With retry_unfulfilled_commands set to true, I hoped it will handle the scenario as mentioned in point number 2 above, but as per debug logs, the cloud function times out in such scenario. This is what I observed in the logs in that case.
getUserDataForId invoked
Retrying connection after 5 ms
Redis instance connected
Function execution took 60002 ms, finished with status: 'timeout' --> coming from wrapper cloud function
Should I, instead of having a Redis connection instance at global level, try to have a connection created during each such Redis operation? It might have some performance issues as well as issues around number of concurrent Redis connections (since I have multiple cloud functions and all those will be creating Redis connections for each simultaneous invocation), right?
So, how to best handle it since I am facing all these issues during development itself, so not really sure if it's code related issue or some infrastructure configuration related issue.
This behavior could be caused by background activities.

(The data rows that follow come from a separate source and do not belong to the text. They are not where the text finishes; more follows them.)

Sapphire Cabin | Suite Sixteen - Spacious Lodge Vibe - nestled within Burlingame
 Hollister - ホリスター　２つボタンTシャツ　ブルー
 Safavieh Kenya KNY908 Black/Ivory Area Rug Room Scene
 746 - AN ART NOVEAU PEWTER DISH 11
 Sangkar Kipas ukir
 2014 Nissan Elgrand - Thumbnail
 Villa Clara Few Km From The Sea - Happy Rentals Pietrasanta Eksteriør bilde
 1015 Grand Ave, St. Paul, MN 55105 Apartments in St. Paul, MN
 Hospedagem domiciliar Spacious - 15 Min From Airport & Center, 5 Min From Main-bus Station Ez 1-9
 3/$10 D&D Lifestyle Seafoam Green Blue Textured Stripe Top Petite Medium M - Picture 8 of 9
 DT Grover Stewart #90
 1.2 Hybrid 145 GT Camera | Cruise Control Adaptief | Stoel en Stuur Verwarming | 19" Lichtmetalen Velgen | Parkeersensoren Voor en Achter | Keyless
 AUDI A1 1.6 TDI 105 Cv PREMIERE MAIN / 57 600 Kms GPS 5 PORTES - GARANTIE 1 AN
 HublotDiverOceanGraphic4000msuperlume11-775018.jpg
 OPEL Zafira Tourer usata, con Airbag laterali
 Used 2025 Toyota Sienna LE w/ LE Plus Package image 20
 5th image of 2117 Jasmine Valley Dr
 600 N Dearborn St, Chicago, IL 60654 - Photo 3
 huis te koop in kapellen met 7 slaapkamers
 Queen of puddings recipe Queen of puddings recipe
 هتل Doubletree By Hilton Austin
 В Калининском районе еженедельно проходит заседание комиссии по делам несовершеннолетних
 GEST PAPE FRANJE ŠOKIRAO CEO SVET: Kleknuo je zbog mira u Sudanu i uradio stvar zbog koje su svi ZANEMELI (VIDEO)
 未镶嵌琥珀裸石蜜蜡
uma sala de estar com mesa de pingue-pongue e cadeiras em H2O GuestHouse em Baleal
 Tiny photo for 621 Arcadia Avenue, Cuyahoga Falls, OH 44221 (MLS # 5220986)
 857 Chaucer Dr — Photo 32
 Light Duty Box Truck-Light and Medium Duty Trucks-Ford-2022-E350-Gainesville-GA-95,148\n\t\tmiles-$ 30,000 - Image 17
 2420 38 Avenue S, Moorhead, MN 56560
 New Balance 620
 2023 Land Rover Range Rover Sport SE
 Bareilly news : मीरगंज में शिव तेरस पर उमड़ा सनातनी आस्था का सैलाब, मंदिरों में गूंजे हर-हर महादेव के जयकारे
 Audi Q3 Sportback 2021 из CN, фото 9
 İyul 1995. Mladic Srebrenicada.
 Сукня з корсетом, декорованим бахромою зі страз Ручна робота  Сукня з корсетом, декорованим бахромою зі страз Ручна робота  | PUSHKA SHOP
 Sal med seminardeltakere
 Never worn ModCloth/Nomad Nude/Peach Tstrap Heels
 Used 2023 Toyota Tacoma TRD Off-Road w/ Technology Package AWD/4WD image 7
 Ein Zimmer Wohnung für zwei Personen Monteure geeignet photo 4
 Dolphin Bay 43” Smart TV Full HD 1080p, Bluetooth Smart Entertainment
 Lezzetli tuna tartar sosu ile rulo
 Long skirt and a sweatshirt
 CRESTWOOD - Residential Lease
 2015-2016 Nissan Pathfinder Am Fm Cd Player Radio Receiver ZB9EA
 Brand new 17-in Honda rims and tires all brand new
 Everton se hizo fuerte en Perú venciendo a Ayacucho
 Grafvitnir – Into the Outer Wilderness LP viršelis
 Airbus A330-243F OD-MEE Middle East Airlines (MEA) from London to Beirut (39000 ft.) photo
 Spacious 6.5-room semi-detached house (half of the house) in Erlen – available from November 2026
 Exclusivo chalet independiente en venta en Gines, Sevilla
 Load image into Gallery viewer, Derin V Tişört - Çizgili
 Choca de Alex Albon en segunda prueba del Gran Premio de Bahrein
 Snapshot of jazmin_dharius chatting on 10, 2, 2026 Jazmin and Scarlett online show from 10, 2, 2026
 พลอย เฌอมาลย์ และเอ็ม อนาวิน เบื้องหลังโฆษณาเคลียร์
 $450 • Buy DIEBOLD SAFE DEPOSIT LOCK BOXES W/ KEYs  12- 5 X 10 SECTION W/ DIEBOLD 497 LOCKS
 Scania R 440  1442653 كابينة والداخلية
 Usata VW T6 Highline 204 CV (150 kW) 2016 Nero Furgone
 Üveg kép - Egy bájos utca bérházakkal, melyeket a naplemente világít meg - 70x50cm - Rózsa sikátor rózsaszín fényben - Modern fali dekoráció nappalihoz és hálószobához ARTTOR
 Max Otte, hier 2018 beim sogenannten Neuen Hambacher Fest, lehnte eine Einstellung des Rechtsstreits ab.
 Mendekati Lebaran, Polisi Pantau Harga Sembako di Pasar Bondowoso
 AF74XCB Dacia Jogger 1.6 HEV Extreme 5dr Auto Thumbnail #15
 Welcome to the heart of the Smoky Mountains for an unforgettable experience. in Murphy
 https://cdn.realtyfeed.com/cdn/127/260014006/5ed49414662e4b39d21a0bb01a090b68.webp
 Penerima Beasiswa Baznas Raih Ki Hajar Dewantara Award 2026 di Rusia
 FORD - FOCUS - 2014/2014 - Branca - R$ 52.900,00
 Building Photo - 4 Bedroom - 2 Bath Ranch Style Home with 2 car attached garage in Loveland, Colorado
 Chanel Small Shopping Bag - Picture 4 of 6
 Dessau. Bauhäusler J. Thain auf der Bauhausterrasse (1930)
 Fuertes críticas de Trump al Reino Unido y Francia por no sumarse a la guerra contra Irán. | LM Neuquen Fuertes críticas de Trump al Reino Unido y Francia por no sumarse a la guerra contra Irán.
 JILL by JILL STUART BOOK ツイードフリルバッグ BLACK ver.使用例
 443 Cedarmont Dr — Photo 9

"Background activity is anything that happens after your function has
terminated"
When the background activity interferes with subsequent invocations in Cloud Functions, unexpected behavior and errors that are hard to diagnose may occur. Accessing the network after a function terminates usually leads to "ECONNRESET" errors.
To troubleshoot this, make sure that there is no background activity by searching the logs for entries after the line saying that the invocation finished. Background activity can sometimes be buried deeper in the code, especially when asynchronous operations such as callbacks or timers are present. Review your code to make sure all asynchronous operations finish before you terminate the function.